Good Day. How long is the lifetime of SM74611? Customer product should work for 30 years, the diodes will be in a potting in a junction box. a Schottky diode lasts 30 years and I would like to compare the lifetime and durability of this component with a typical solution (Schottky diodes). Thank you very much.

Best Regards,

Ray Vincent

  • Hi Ray,

    I need to check this with our internal quality team. Let me get back to you by mid-next week.

  • Hi Ray,

    Please refer to our terms of sale https://www.ti.com/legal/terms-conditions/terms-of-sale.html 

    8. Warranties and Related Remedies.

    8.1 Subject to Sections 8.2 through 8.4, 9 and 11 below, TI warrants to Buyer that each (i) Product conforms to TI’s published Specifications for such Product for a period of twelve (12) months after the date TI or a TI-authorized distributor delivers such Product, (ii) Wafer Product and Die Product conforms to TI’s published Specifications for such products for a period of thirty (30) days after the date TI or a TI-authorized distributor delivers such product and (iii) Evaluation Kit will be free of defects in material and workmanship for a period of ninety (90) days after the date TI or a TI-authorized distributor delivers such product.

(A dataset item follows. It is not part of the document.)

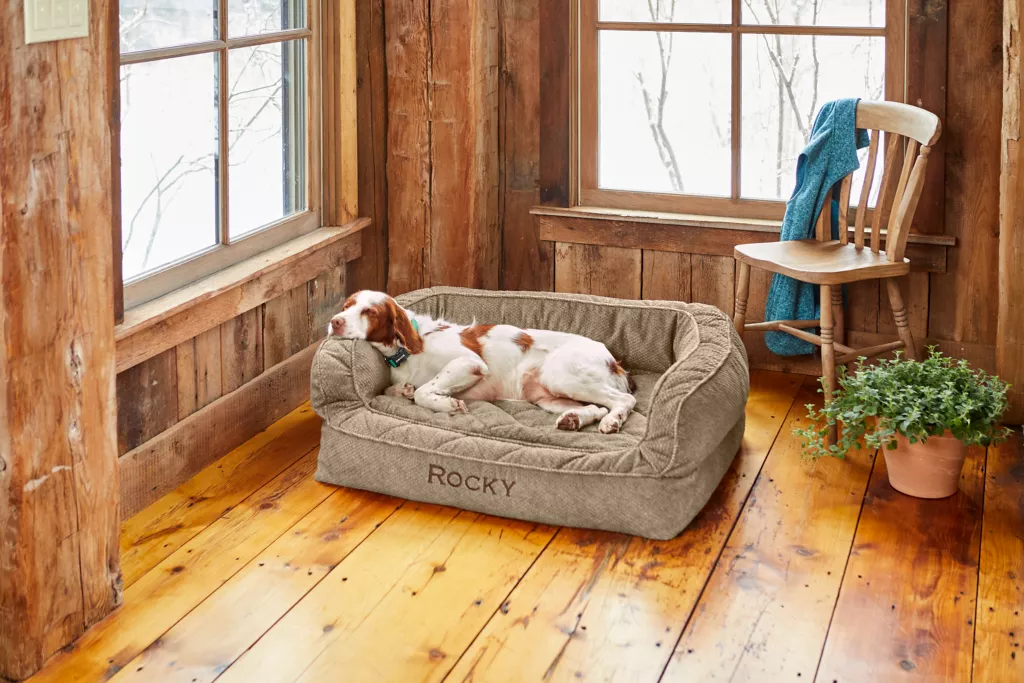 Orvis Memory Foam Couch Dog Bed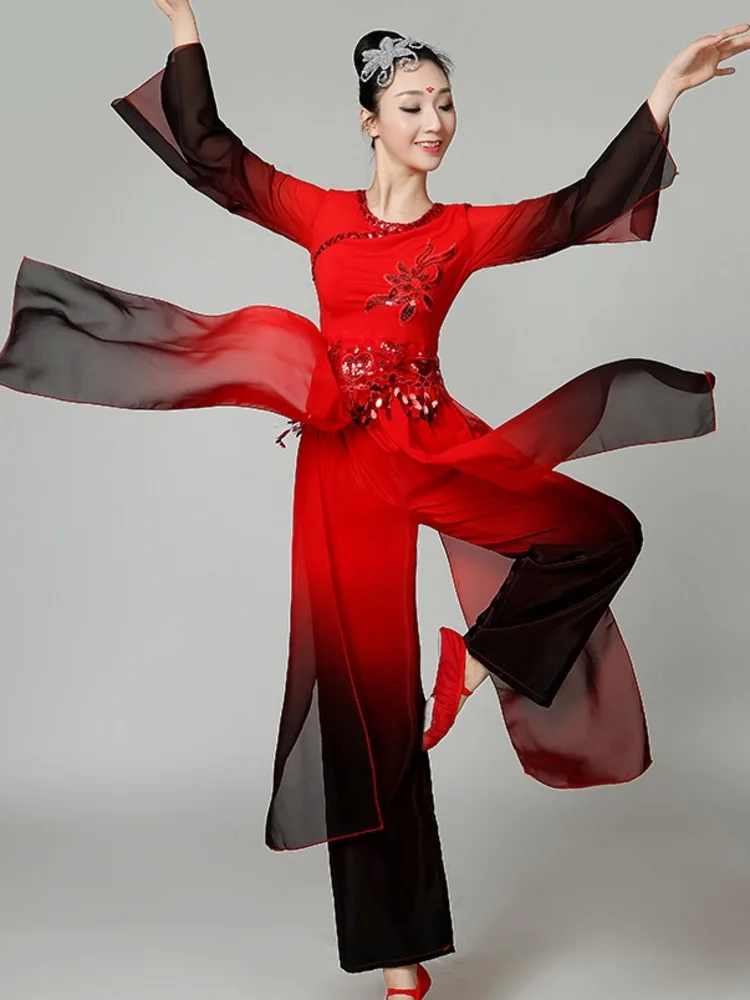 Traditional Classical dancewear chinese folk dance costume for women Water Sleeve dress Yangko Clothing Ancient pant skirt hanfu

  • 1. Is the 74611 considered as a means of cost reduction? Performance improvement? What are the projected savings from the improved performance, if any? 

    2. How expensive will the field failures be?

    3. Is the customer in possession of reliability data for the existing discrete design (if there is such)?

    4. What data does the customer use in assigning the lifetime and durability to the discrete diode solution (to compare it fairly with an integrated solution)?

    By smell test alone, there is an unsaid assumption that power Schottky diodes are inherently long-life devices. I’d hope that when applied properly they certainly would be, but… Solar panels are a particularly hard operating environment due to heat, marginal part ratings stemming from cost reductions in the BOM, and extreme levels of mechanical stress - especially when the mechanical design of the potted assembly is devoid of an engineered stress relief path  If the approach is “pot it and forget it”, without much thought to mechanical design, then anything integrated on the die will have easier time than discretes from mechanical stress alone.

    Specific gotchas: If there is good field data for the performance and associated repair/support costs of the diode-using solution, and if the potential costs of failure are high, then there would need to be a field experience available with the 74611 part, and it’d need to be as extensive as the one for the diode solution. Otherwise, there is no case to be made that 74611 will be cheaper *or* more expensive/less reliable  

    On the other hand: if there is no hard data to support either choice, then the “presumed superiority” of a discrete solution is a conjecture and has to be treated as such, especially that the integrated smart diode has less thermal stress than a discrete Schottky. But then, the smart diode has at most 10 years’ worth of reliability data available vs. decades for various standard power Schottky type discretes. Some of that data would have to come from the field of potted solar panel assemblies, since they are their own nasty environment with specific failure modes.